He put a grave expression on his face, allowing his feelings about the creatures and their situation to take precedence over his satisfaction that another group of cadets would be added to his ranks.

"They are able to meddle with our minds. They can read our thoughts, erase them, and control us. There are reports of creatures creating new identities for humans and making the human believe that they are that person."

Their faces reflected the horror that had settled in his chest when he'd first learned of these creatures and grown with each inhuman and unnatural thing he'd learned about them.

He decided to go for the killing blow. "And because of their lower birthrate they also mutate human children to be like them. Your child is normal until its eleventh birthday when they show up and take your son or daughter away for special training. This special training destroys what humanity is left in the child and makes it a creature like them with their same lack of values."

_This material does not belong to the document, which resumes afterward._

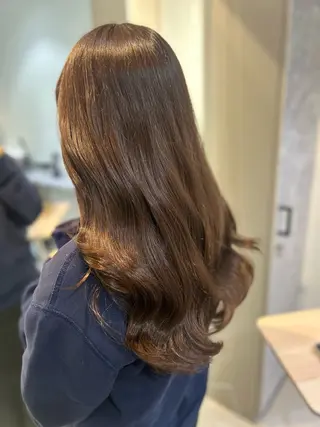 ロング カラー 堤 麻衣子のヘアスタイル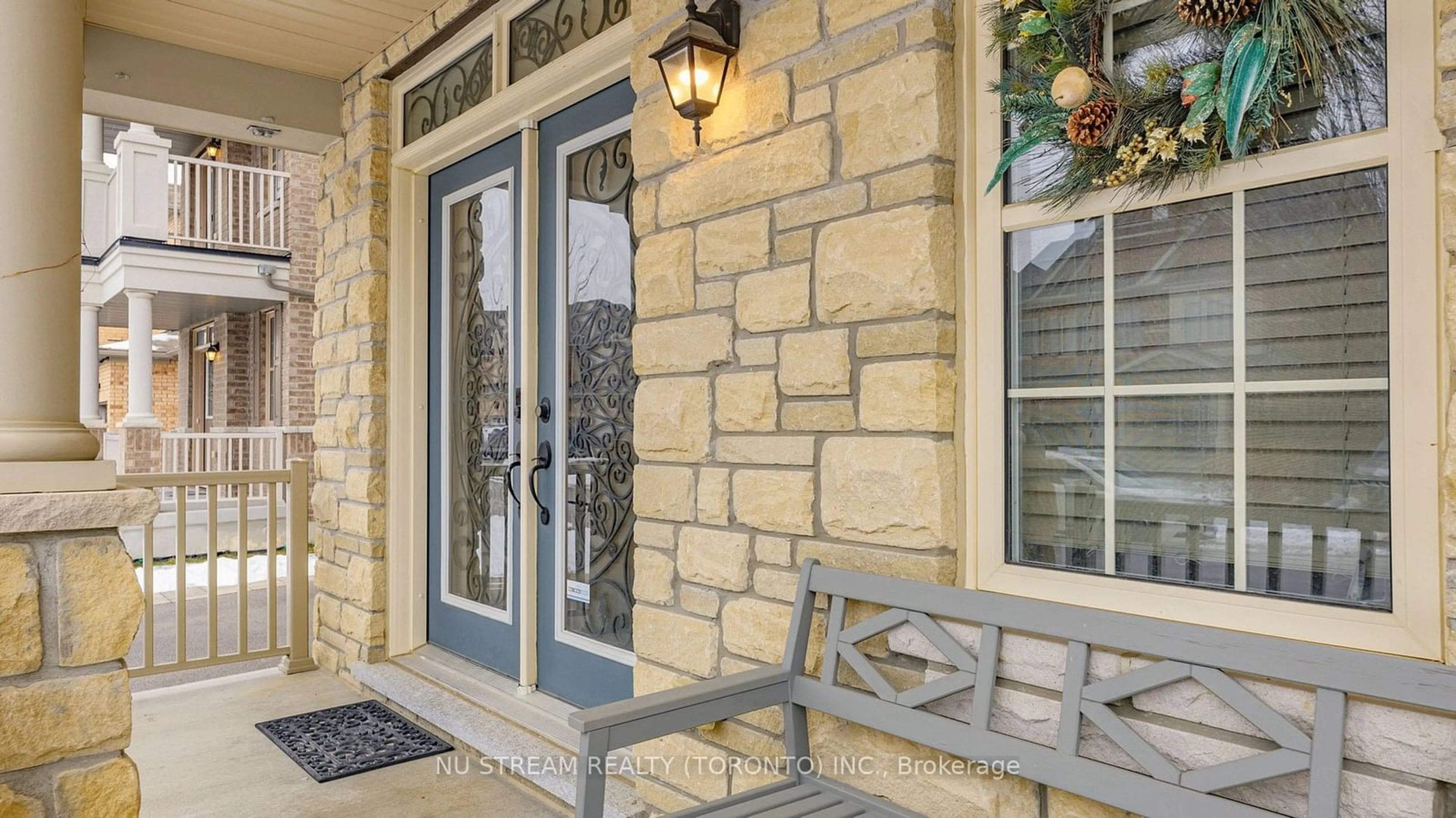 Indoor entryway for 102 Beaconsfield Dr, Vaughan Ontario L4H 4L6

He brought up a picture they'd found of a young innocent looking Tom Riddle and one of the snakelike Voldemort as an illustration of before and after.

The fathers whitened and he knew they were imaging their children in the situation as he'd intended them to.

"Sir," Rook recovered first. "What you're telling us is that there is a humanoid species out there with superior durability, longer life, the ability to wield energy like a weapon and control our minds, and make our children like them?"

"That is correct."

"What advantages do we have over them?" Albright asked.

"The main advantages that we have over these creatures is our technology, their severe underestimation of it, our numbers, and that they don't know we know about them now." He smiled as he thought of the surprise of the creature each time they captured one. That arrogance that they were better than him was replaced by terror as he showed the creatures their rightful place in the world: under humans.

"These creatures are so filled with their self important superiority that they won't even know what's happening until we've struck and won."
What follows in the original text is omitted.